03. Los veranos de mi pueblo. Epífisis. Parte 1 de 4

En Extremadura, en agosto, atravesar cualquier plaza para ir al colmado a por el sifón, solo es posible si uno es niño, porque hasta los pajarillos caen redondos. Además, se da la circunstancia, de que ese niño tiene que ser el pringao de la familia.


El calor es seco, asfixiante y hace boquear, la cabeza se calienta, la ropa ni se moja de sudor y los pies se pegan a la zapatilla y al cemento. Llegas al colmado y lo primero que ves en el suelo es el barrilito de arenques secos colocados helicoidalmente. Penetras por la cortina de múltiples cordones, con cilindros verdes de madera que producen ruido, que, si no fuera por el tendero, estarías media tarde haciendo música.

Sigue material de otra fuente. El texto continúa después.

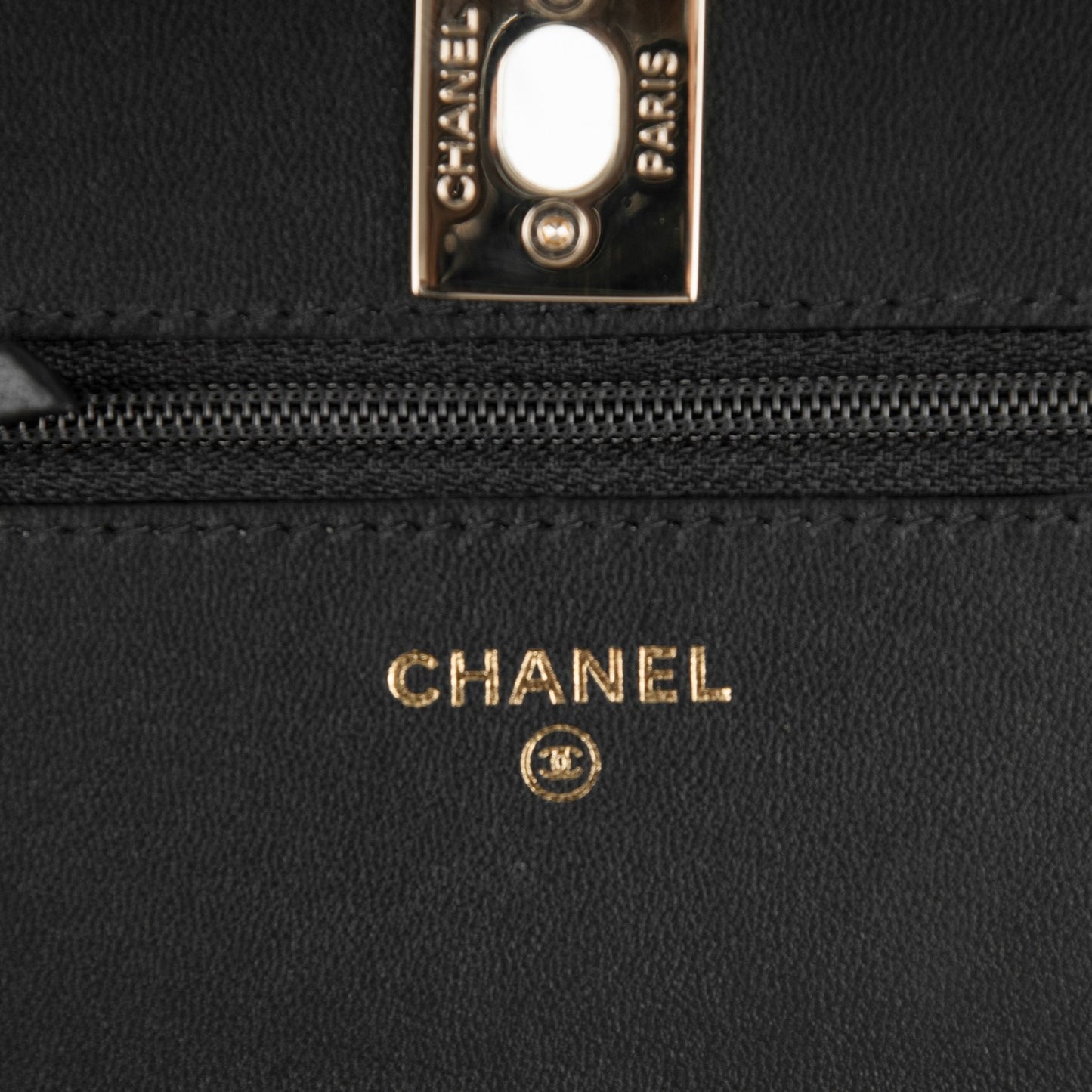 Lambskin Quilted Trendy CC Wallet On Chain WOC Black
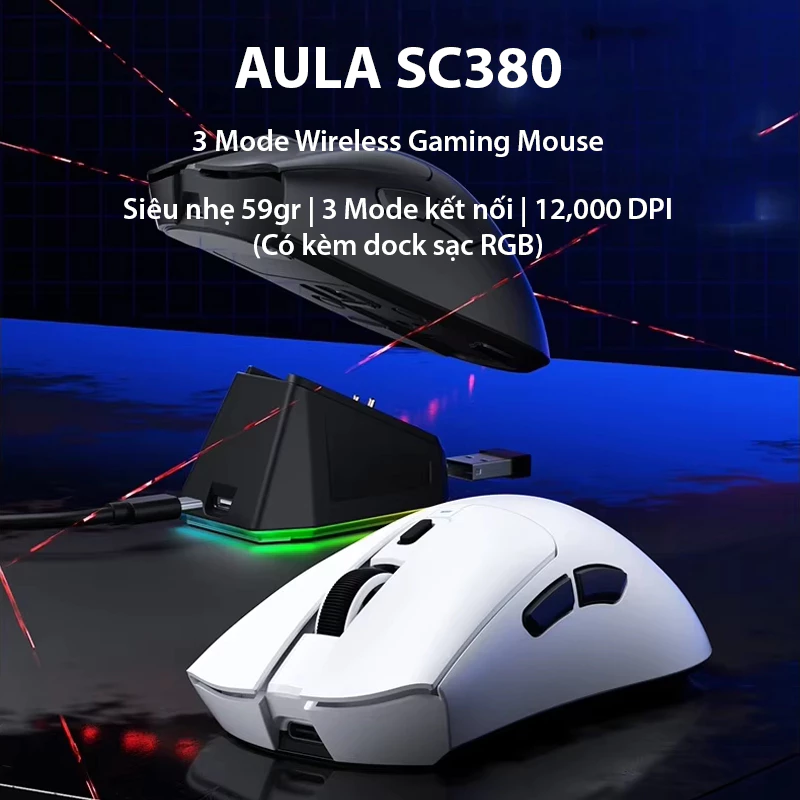 Chuột Gaming không dây AULA SC380 - Siêu nhẹ chỉ 59 gr - Dock sạc RGB - 12000 DPI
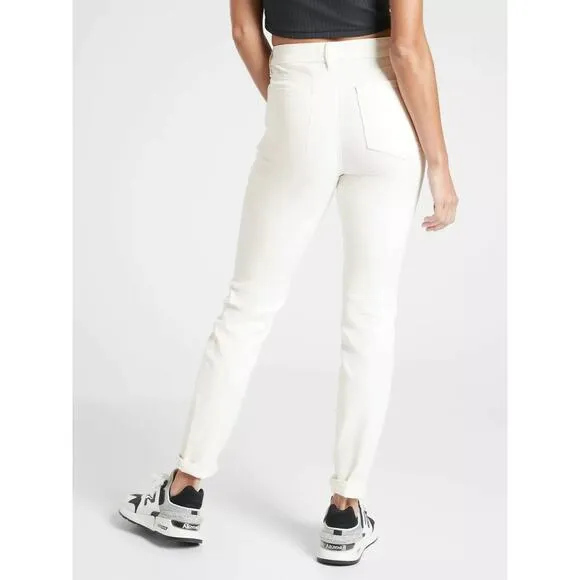 Athleta Sculptek High Rise Denim Ultra Skinny Jeans White 4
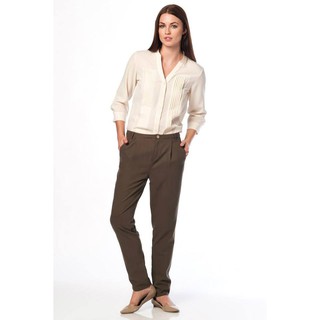 Quần âu nữ màu rêu size L Massimo DUtti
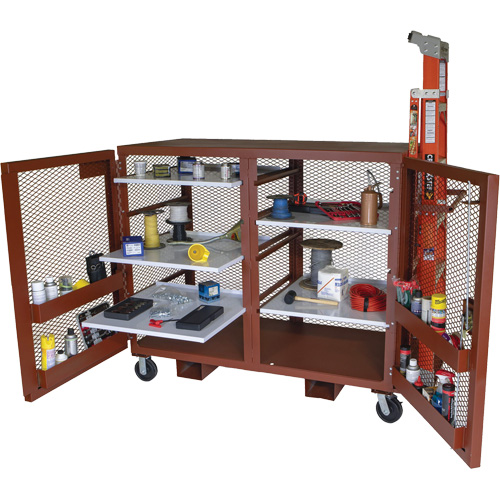 Armoire mobile en treillis, Acier, 49 pi³, Rouge Distribution Jean Lapalme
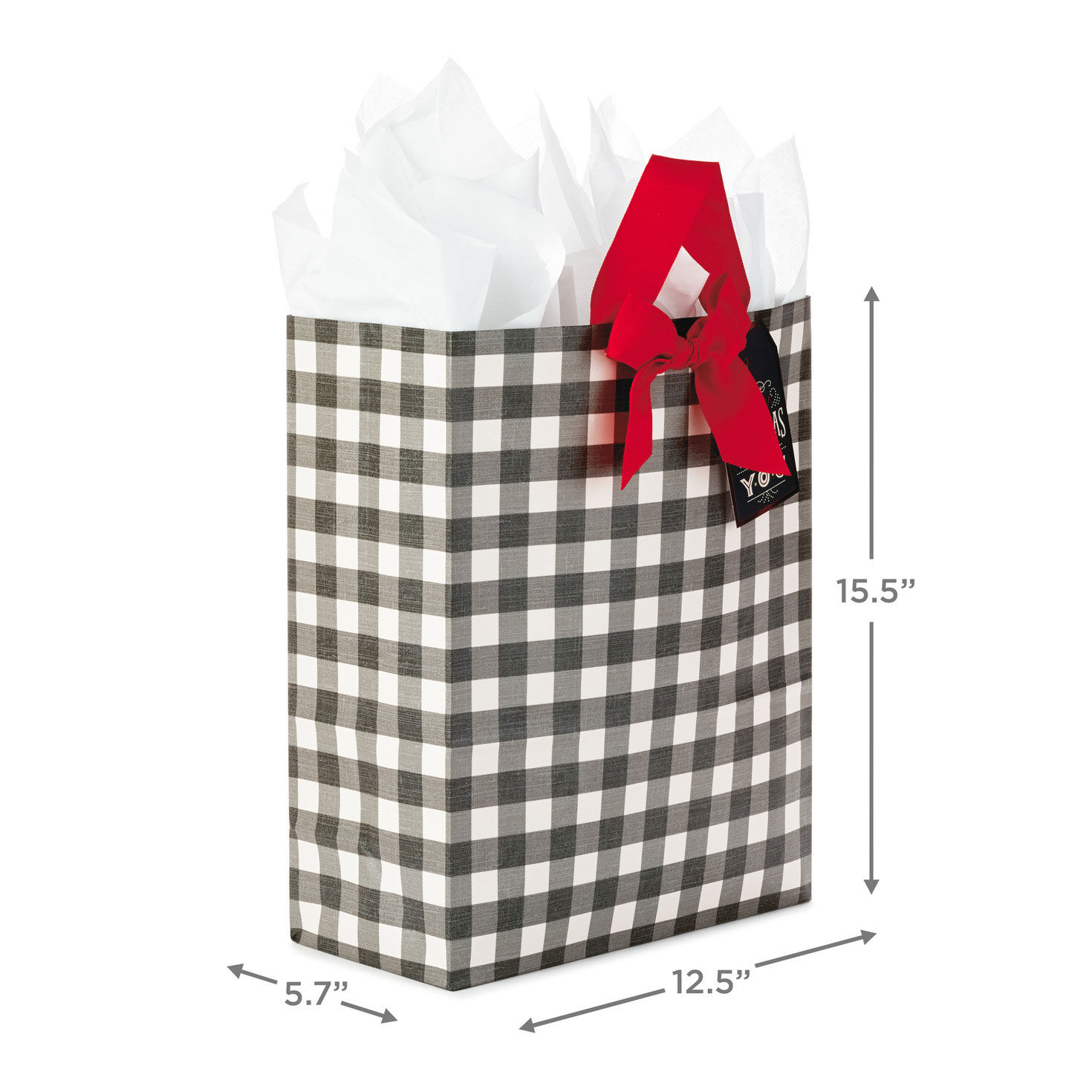 15.5" Buffalo Check Extra-Large Christmas Gift Bag With Tissue Paper for only USD 8.99 | Hallmark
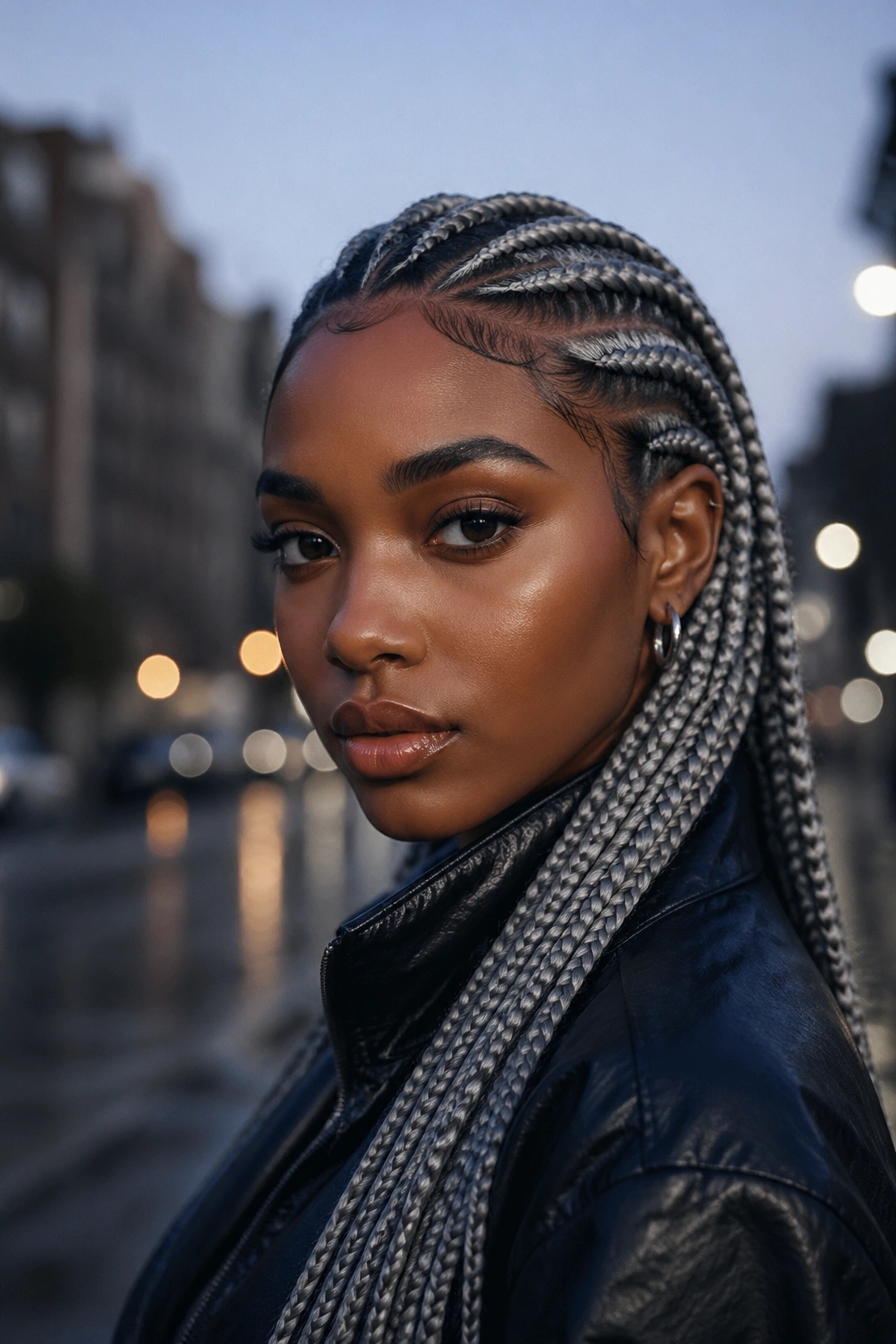 Close-up of gray cornrows on a real person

En el techo colgando, tiras de un papel enrollado pegajoso llenos de moscas y en el mostrador, platillos como con azúcar llenos de lo mismo. Ya no hay moscas como las de antes, eran inteligentes, pertinaces, vamos, cojoneras. Por eso en las mejores mesas camillas, no faltaba el matamoscas o el fu-fri  como llamábamos al DDT.


En el mostrador, el surtidor de aceite que, si tenías la suerte de verlo funcionar, era una maravilla, subiendo y bajando los émbolos.


El suelo lleno de sacos con el embozo vuelto enseñando garbanzos, judías, arroz, lentejas, harina etc. etc. 


Entregabas el sifón vacío al orondo y sudoroso tendero y él te daba otro de la fábrica Loreto de Talavera de la Reina, que sacaba de una caja que tenía al fondo tras una tela de saco como cortina.


El colmado era como un castillo por descubrir, debía de tener muchos secretos y tesoros, sin hablar de los dulces y caramelos que se veían a simple vista.


En el pueblo los niños no llevábamos dinero nunca, todo se apuntaba, ya vendrá mi madre, al final de la semana vendrá mi padre. Así era imposible sisar, dependíamos de la generosidad del tendero, que era poca.


Costaba salir otra vez a la carretera, pues la Nacional V atravesaba el pueblo y el asfalto se reblandecía, olía como a brea, como si lo acabaran de poner. A veces cuando el calor era infernal, te echabas un trago a presión y otro por la cabeza, y cuando entrabas en casa lo dejabas corriendo en la fresquera y te ibas al patio.


Se comía en la cocina, porque era el sitio más fresco de la casa de muros de adobe y a la entrada, en una cantarera teníamos una tinaja de agua, tapada con una madera y encima un cacillo desportillado de uso común y estaba siempre fría.


Éramos cinco hermanos y nos daban nuestros padres una peseta por el domingo y con ese dineral, pocas cosas se podían comprar, el chicle Bazooka ya costaba dos reales y un cubilete de pipas otros dos, por eso poníamos a secar las pepitas del melón y de la sandía al sol y cuando podíamos también las de la calabaza. Entonces con los dos reales o te tomabas una leche merengada o un polo, que era completamente artesanal.


El pipero rascaba con una rasqueta con forma de cajón alargado un bloque de hielo y cuando le daba forma y le ponía un palo preguntaba si lo querías de fresa o de menta y entonces de unas botellas esparcía el líquido por la superficie.